- O Globo
A vida real insiste em bater à porta de Dilma Rousseff. Em sua mesa, no domingo da reeleição, acumulavam-se informes e relatórios recentes sobre as aflições governamentais provocadas pela seca, inflação, recessão e evidências de fragilidades no sistema financeiro.
Não haverá "pacote", expressão há muito banida do léxico governamental. Vêm aí "ações localizadas, em especial na economia" - ela anunciou na noite de domingo, ao celebrar a vitória, seguindo sugestão da equipe de propaganda. Arrematou: "Antes mesmo do início do meu próximo governo."
Por trás dessa dezena de palavras está um governo atormentado pelos efeitos da seca na maior parte do Brasil. Na sexta-feira, por exemplo, chegou ao Palácio do Planalto a previsão de estoque de água durante esta semana nos reservatórios das hidrelétricas. No Sudeste e Centro-Oeste, 18%, nas usinas do Nordeste, 15%.

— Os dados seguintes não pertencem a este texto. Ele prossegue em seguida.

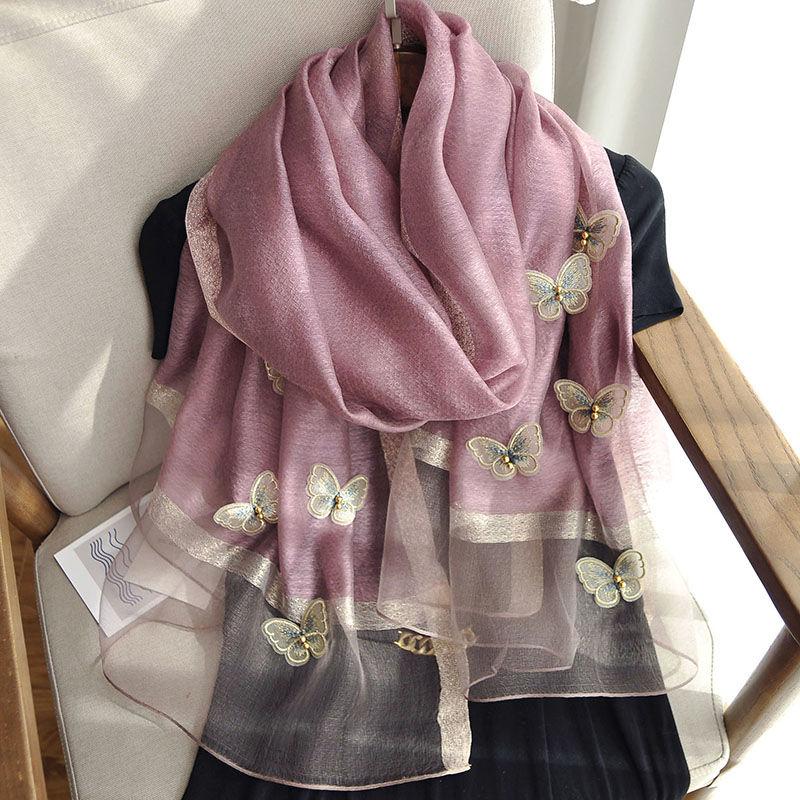 

Роскошный брендовый женский шарф, модные шелковые шарфы с принтом, летние шали и накидки, мягкая женская бандана из пашмины, платок, хиджаб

Pela régua do Operador Nacional do Sistema Elétrico, a situação hoje seria mais grave do que aquela de 2001, no governo Fernando Henrique, quando o armazenamento nas usinas era de 21% e o consumo precisou ser racionado.

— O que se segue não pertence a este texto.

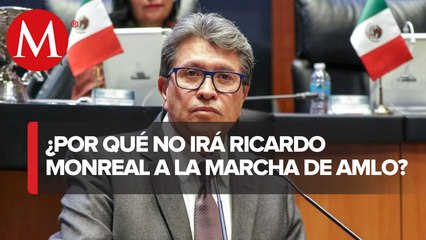 Ricardo Monreal reitera que no va a la marcha de AMLO por problemas de agenda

A crise no abastecimento de energia só não aconteceu neste ano eleitoral porque a indústria, maior consumidora, está em recessão há 12 meses. "Vamos dar mais impulso à atividade econômica em todos os setores, em especial no setor industrial", prometeu Dilma, no discurso.
Desta vez, não haverá "racionamento" - outra palavra banida do vocabulário oficial. Vem aí uma "racionalização" do consumo, se Dilma decidir agir e, nesse caso, adotar a proposta vocabular do serviço de propaganda pós-eleitoral.
Em qualquer hipótese, as contas domésticas de luz devem atravessar 2015 sob bandeira vermelha, código de aviso ao consumidor sobre como a coisa está feia no sistema gerador. Por causa dos desequilíbrios, naturais ou governamentais, ele deverá pagar uma taxa extra.
Os efeitos da seca se espraiam pelo sistema de preços de uma economia estagnada. A saída com anabolizantes no consumo já não existe, porque esgotou-se a capacidade de endividamento familiar. O crédito deixou de fluir na praça, apesar das ações emergenciais do Banco Central, que atravessou os últimos quatro meses da campanha eleitoral liberando R$ 17 bilhões mensais aos bancos.
O alto custo do dinheiro, em tempos de inflação crescente e taxa de câmbio incerta, gelou o ritmo de negócios. Os maiores bancos ampliaram as restrições ao crédito de grandes clientes. Principalmente, daqueles que fornecem à Petrobras e têm sido obrigados, na melhor das hipóteses, a renegociar valores de contratos arguidos nas múltiplas investigações sobre as traficâncias na empresa estatal.
Culpar o sistema financeiro pode ser útil à retórica, mas é inócuo. Como dizia o industrial Antonio Ermírio de Moraes, guarda-chuva de banco só abre quando faz sol. Além disso, uma em cada cinco das 100 maiores casas bancárias brasileiras fechou o balanço dos primeiros nove meses com exuberantes prejuízos - um pedaço teve origem em dívidas não pagas de fornecedores da Petrobras envolvidos nos escândalos petro-partidários.
Dilma Rousseff será obrigada a descer do palanque bem mais rápido do que previa.